Most of us spend almost 1/3 of our lives at work each week, many people work even longer hours. When you consider running errands, social activities and running around with the kids, we may very well spend more waking hours at work than home each week. Much like home, we develop a sense of security about our workplace. Just as we think about security in our homes: locking the door, neighborhood watch programs and alarms, so should we consider security in our workplace.
In 2008, 921 violent crimes occurred in the workplace in Vermont, according to the Vermont Crime Information Center (VCIC). These crimes included assaults, robberies, kidnappings and weapons offenses, among others. Vermont has one of the lowest violent crime rates in the country, and this rate of 1.48 violent crimes per 1,000 people seems like comforting odds. Unless you are one of the 900 people for whom the odds catch up.
In 2008 there were 10 accidental workplace deaths, according to the Bureau of Labor and Statistics. Vermont full-time workers logged almost 300,000 hours worked with only 5.4 work related injuries or illnesses per 100 workers. Even with these low numbers, many training hours were spent learning important skills such as CPR, lockout procedures, and proper lifting techniques. But how much time is devoted to workplace violence safety?
There are numerous things you can do in your workplace to increase your safety and reduce your risk of being a victim of violence. Here are four things to keep in mind to keep yourself safe at work.
1- Control access into your business. Most businesses unlock their doors in the morning and don’t lock them until night, but while doing this you can control who enters and leaves. Only leave one door open. Lock and alarm all other doors, and have video cameras that record motion set up to record anyone who tries to access them.
2- Greet everyone quickly. Have someone at the entrance to greet people as they enter your business. A person that is able to enter your business and wander around unchallenged may able to find a victim in a position where help is inaccessible. Greeting a person as soon as they enter, and arranging for an escort through the building, will deter opportunistic crimes and let your visitor know he or she is being watched.
3- Be able to summon help quickly. A quiet, rapid method for getting help such as a silent alarm button is crucial for a greeter. A code word over a PA system or two-way radios is good, but it should be something that is simple and trained on regularly so employees are familiar with what to do. Most alarm systems can be set up to contact the police with just a button push to speed up the response for help.
4- Trust your instincts. If something appears out of place, it probably is. Be curious about things that don’t seem right. Tell someone else about what is bothering you, and then figure out the best way to check it out. Don’t just look into something without telling someone else where you are.

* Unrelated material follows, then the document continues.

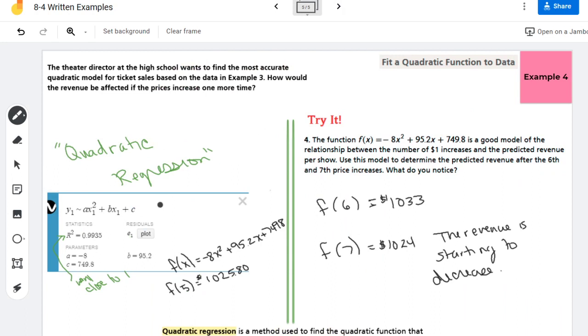There we go guys, that is how to fit a quadratic function to data, or how to do quadratic regression on Desmos. Remember you can look at Savvas to see how to do it on a TI. Until next time.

Always be alert to your surroundings. Police officers train to practice “What-if” scenarios in their head all the time, constantly rehearsing what they would do based on the conditions and changes in the environment around them. Everyone should practice this whether at home, in the workplace, or traveling between. You will be able to react faster, as a person or as an organization, if you have spent time preplanning what to do in an emergency.